▶ _WORK REQUIRED_: Leave out the pictures and restate the rest of the data exactly.

---+---

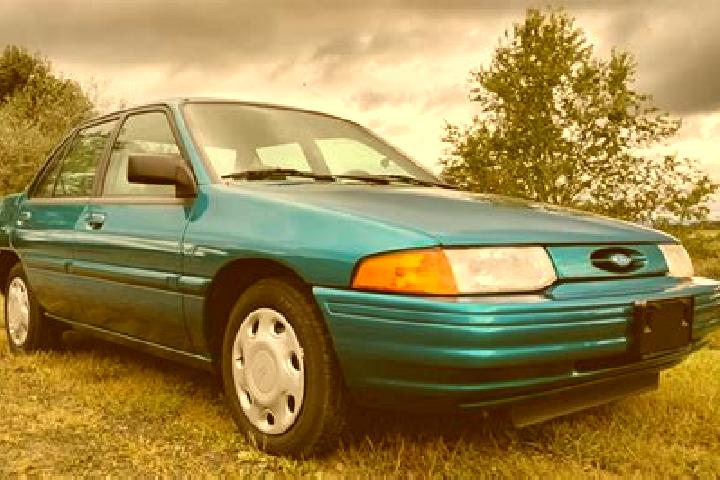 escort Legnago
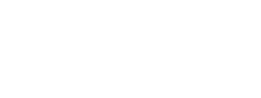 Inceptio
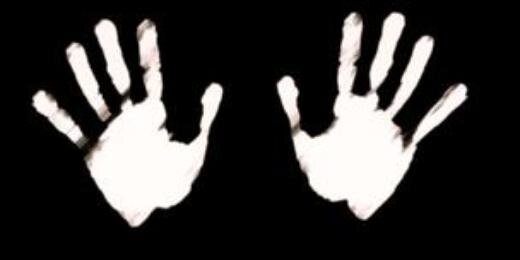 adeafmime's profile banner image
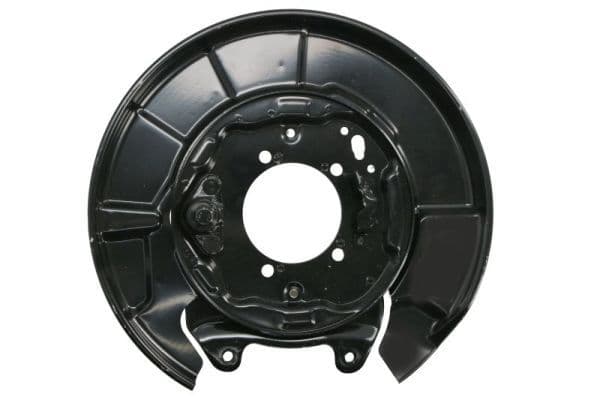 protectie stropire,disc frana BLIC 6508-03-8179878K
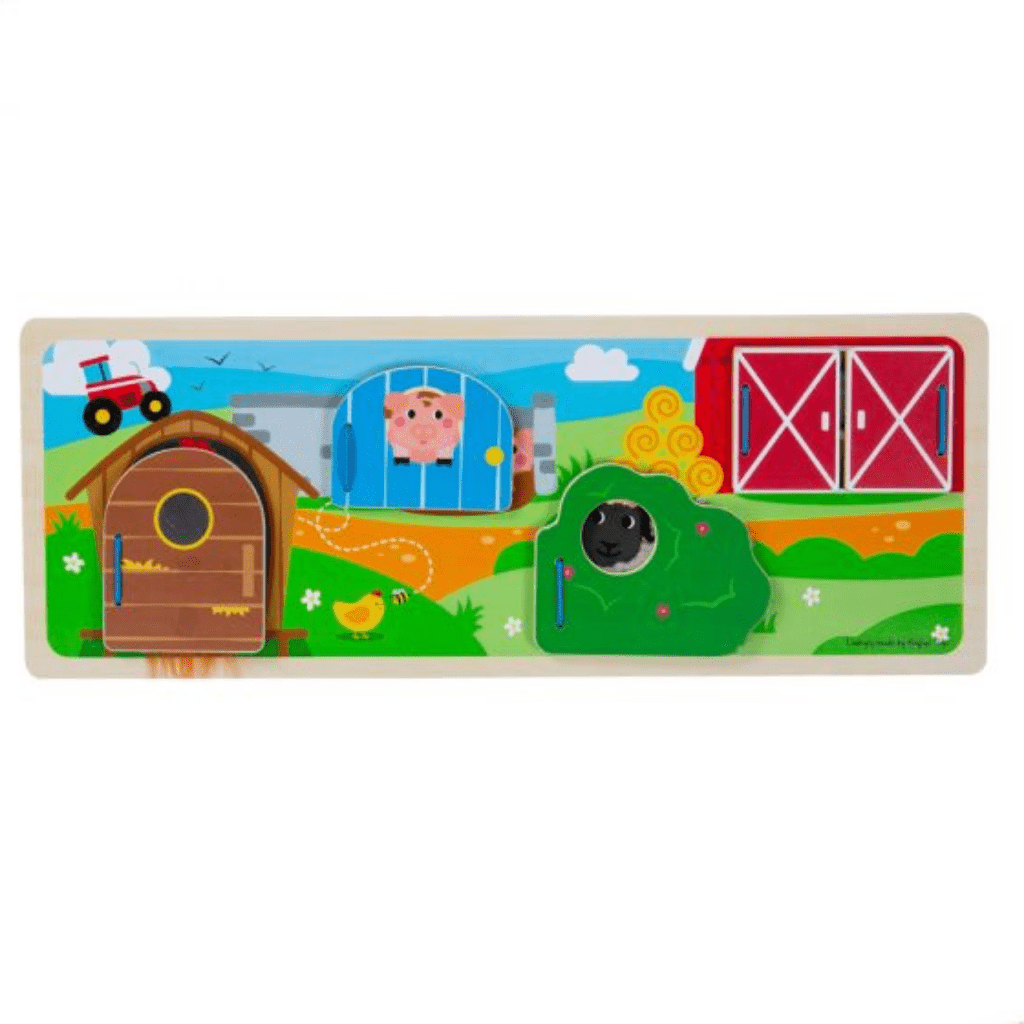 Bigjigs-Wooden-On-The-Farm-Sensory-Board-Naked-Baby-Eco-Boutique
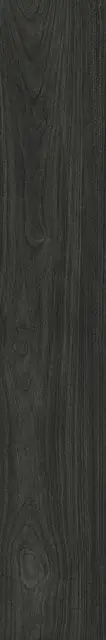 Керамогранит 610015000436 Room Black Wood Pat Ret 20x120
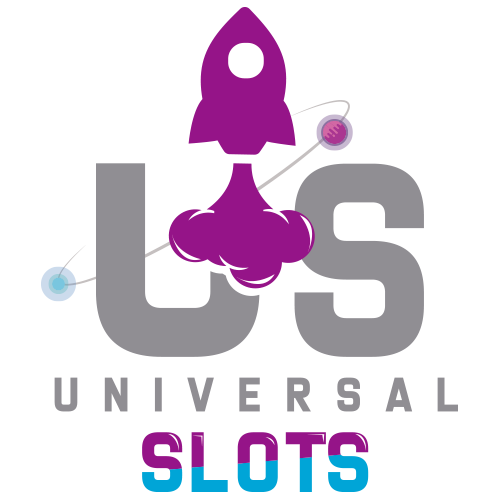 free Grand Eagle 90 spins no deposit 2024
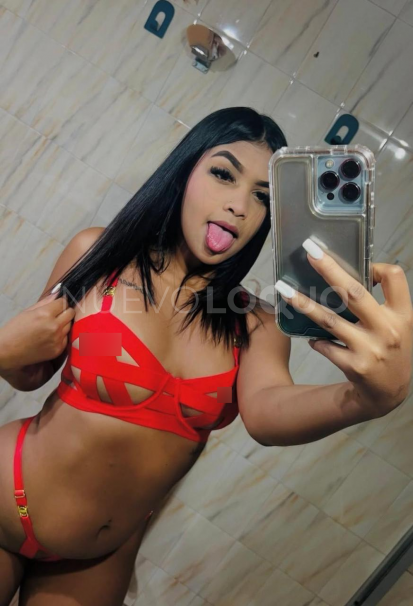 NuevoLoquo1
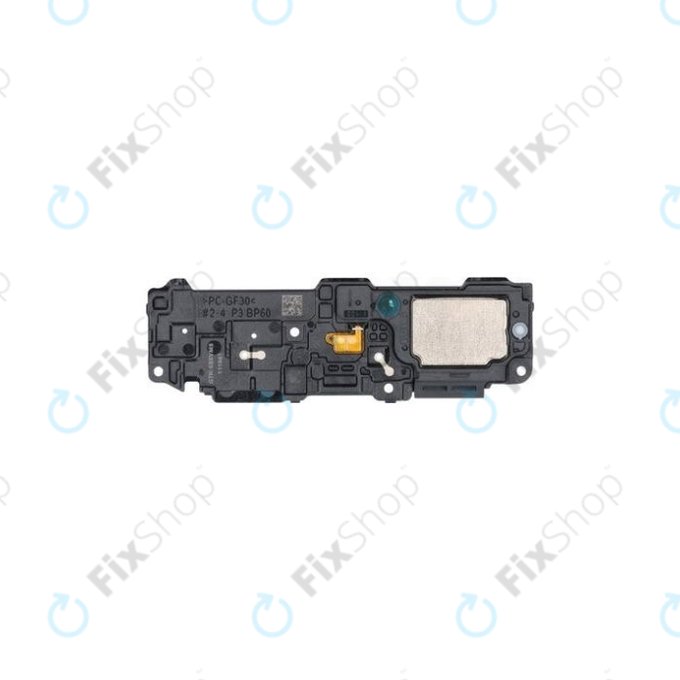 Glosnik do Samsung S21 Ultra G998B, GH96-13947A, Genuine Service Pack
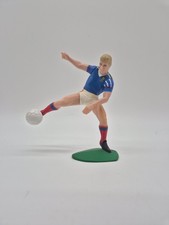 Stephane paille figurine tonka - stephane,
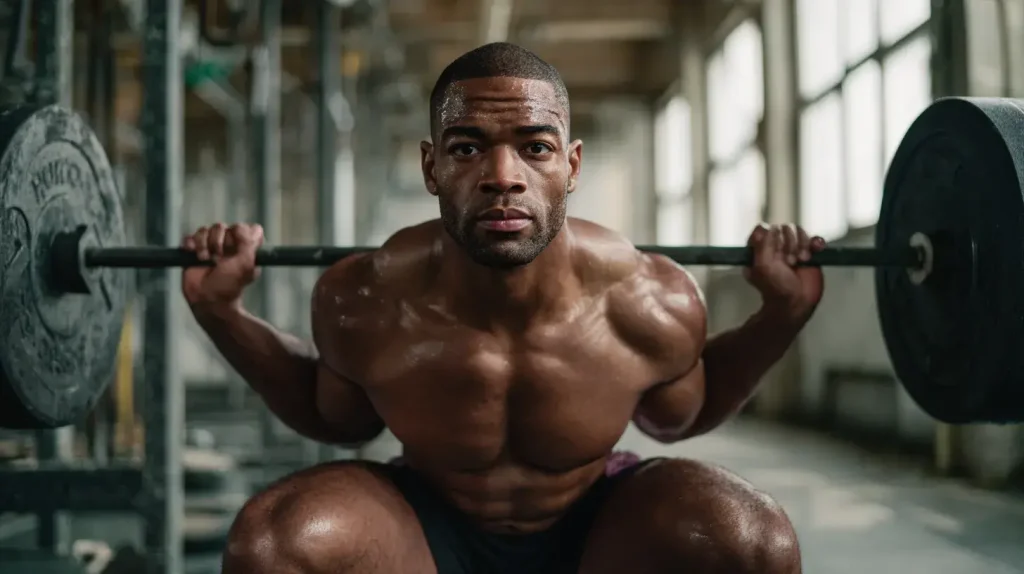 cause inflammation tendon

---+---

▶ _SOLUTION BELOW_:
 escort Legnago
 Inceptio
 adeafmime's profile banner image
 protectie stropire,disc frana BLIC 6508-03-8179878K
 Bigjigs-Wooden-On-The-Farm-Sensory-Board-Naked-Baby-Eco-Boutique
 Керамогранит 610015000436 Room Black Wood Pat Ret 20x120
 free Grand Eagle 90 spins no deposit 2024
 NuevoLoquo1
 Glosnik do Samsung S21 Ultra G998B, GH96-13947A, Genuine Service Pack
 Stephane paille figurine tonka - stephane,
 cause inflammation tendon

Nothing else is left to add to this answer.